«Я разочаровался в идее мирного протеста»

Марк Боярский — профессиональный фотограф, москвич. Учился в Строгановке, на графического дизайнера. Но дизайнером никогда не работал из-за «страха белого листа». Снимал для «Афиши», Большого города. Потом начал специализироваться на фуд-съемке. После начала войны с Украиной понял, что оставаться в России не может — физически стало трудно дышать. Сейчас с женой и детьми живет в Аргентине. Продолжает работать фотографом. О том, что эмиграция — это не побег от коллективной ответственности, почему мирный протест непродуктивен, из-за чего россиянам сложно не стать черствыми, Марк говорит в проекте «Очевидцы».

Расскажите о себе.

— Меня зовут Марк Боярский, я фотограф из Москвы, всю жизнь там прожил — такой вот москвич. Учился в Строгановке на графического дизайнера, но никогда им не работал, потому что у меня есть страх белого листа. Сначала я много снимал для «Афиши», для «Большого города», были бесконечные рестораны, потом я сильно погрузился в фуд-съемку и в основном снимал еду. У меня есть жена, мы женаты 14 лет, у нас двое детей: дочка Ханна 8 лет и сын Иосиф 5 лет.

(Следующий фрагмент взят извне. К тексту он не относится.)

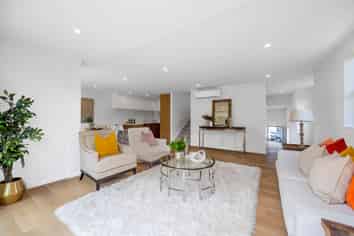 4/11 Rengarenga Rise, Fairview Heights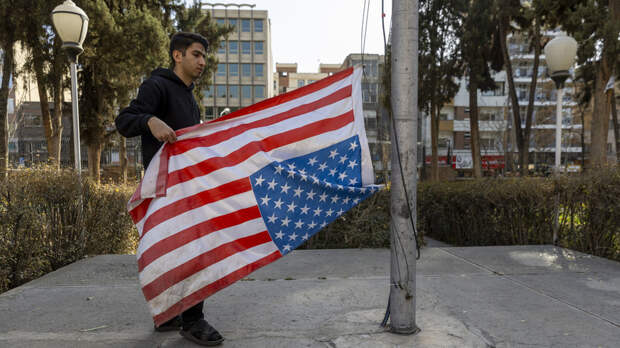 США призвали американцев покинуть Иран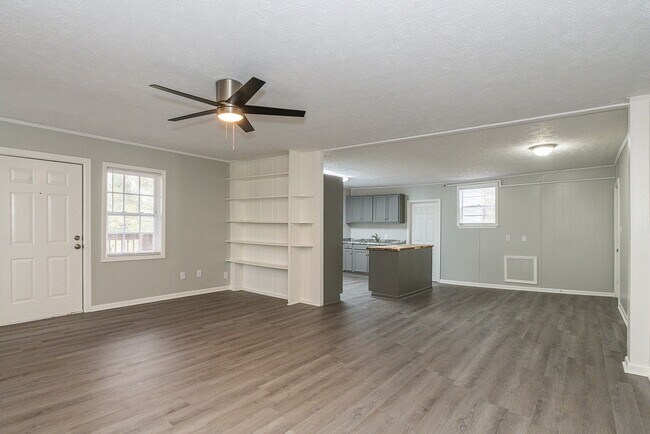 Building Photo - Beautifully renovated 2nd floor, 2 Bdr 1 bath unit in Maryville, TN - Available NOW with lower se...
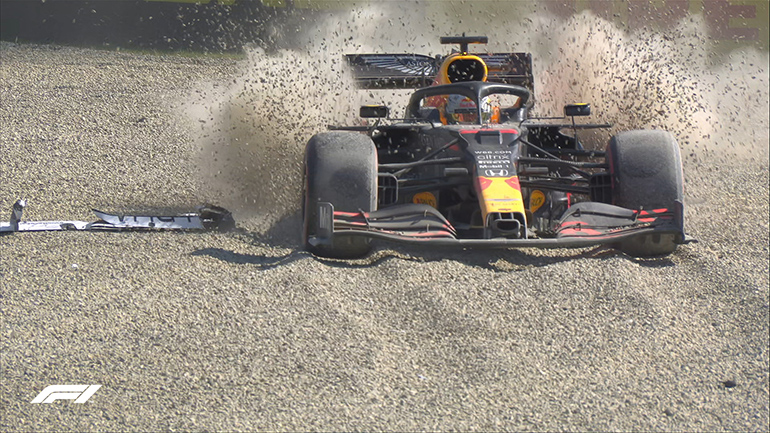 Η έξοδος του Verstappen όταν έπεσε πάνω του άλλο μονοθέσιο και οδήγησε στην εγκατάλειψή του...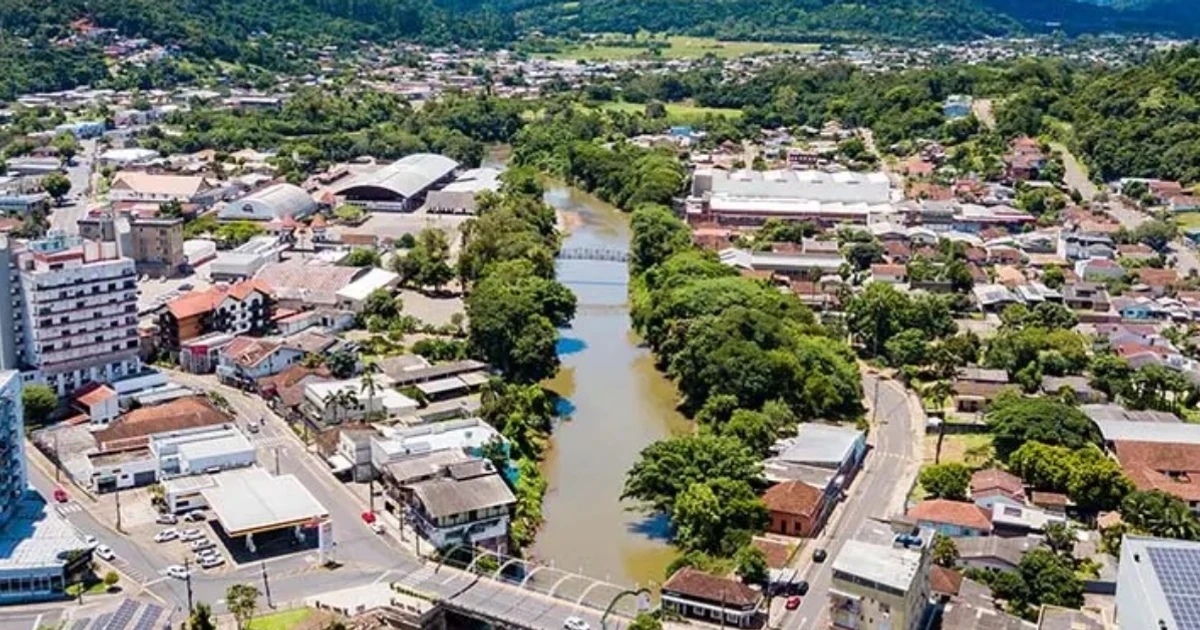 Imagem - Concurso de prefeitura tem vagas com salário de até R$ 4 mil para nível fundamental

Как изменила вашу жизнь война?

— Я нахожусь в Аргентине и могу сказать, что для меня это в чем-то было ожидаемо, потому что мы очень много лет хотели уехать. Я все время в голове прокручивал план: «А что я буду делать, если мы уедем?» Как заново создать себе сарафанное радио, круг заказчиков. Я сейчас работаю фотографом и снимаю в основном семьи. Я бы сказал, что это гораздо приятнее и легче проходит, чем я мог ожидать. Я не пошел водить автобусы, как раньше представлял, что будет со мной на чужбине.

Насколько безопасно вы себя чувствуете в Аргентине?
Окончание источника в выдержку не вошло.